The first Central European History Convention (CEH-C) meeting was held between July 17 and 19, 2025, hosted by the University of Vienna. The aim of the three-day international conference, offering a rich program, was to provide a forum for researchers worldwide who study the history of the Habsburg Monarchy, Austria–Hungary, and its successor and neighboring states. Based on their research, participants discussed the possible interpretations of the region’s past from the Middle Ages to World War II in an interdisciplinary dialogue.
Lecture by Krisztián Csaplár-Degovics in Vienna, July 18, 2025
At the conference, Krisztián Csaplár-Degovics delivered his lecture on Hungarian political ideas during the dualist era concerning the ‘bad’ and ‘good’ empires (‘Bad Empire’ vs. ‘Good Empire’ – Concepts of Empire in the Debates of the Hungarian House of Representatives at the Turn of the Century).
At the turn of the century, the Hungarian House of Representatives was the scene of a significant political debate lasting several years, which focused on the policy of Benjámin Kállay (1900–1902), joint Minister of Finance, towards Bosnia and Herzegovina. It seemed that this debate criticized Kállay’s personality and governance practices, but in fact, the representatives discussed the relationship between the Kingdom of Hungary and Hungarian nation building in the context of empire, imperialism, and colonialism. The series of political attacks in question bore strong parallels to the impeachment proceedings against Warren Hastings in the British Parliament between 1788 and 1794.
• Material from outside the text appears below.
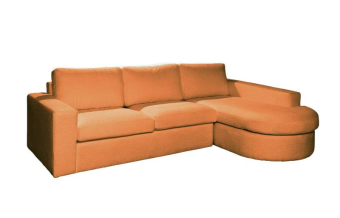 Loungebank Rond Aalsmeer 232cm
The lecture scrutinized how the concepts of ‘bad empire’ and ‘good empire’ appeared in the debate between representatives of the Hungarian government and the opposition. While the term ‘bad empire’ was used to refer to the Habsburg Empire prior to 1867, and within that, to Austria, after the Great Compromise, the term ‘good empire’ became synonymous with constitutional Austria and constitutional Hungary. The lecture also presented the press and academic response to the debate in the Hungarian House of Representatives and explored its European context. One unexpected consequence of these parliamentary clashes was that after 1908, the Hungarian economic and political elite began to build an informal Hungarian empire in the Balkans, in which Albania, which became independent in 1912–1913, was to play a key role.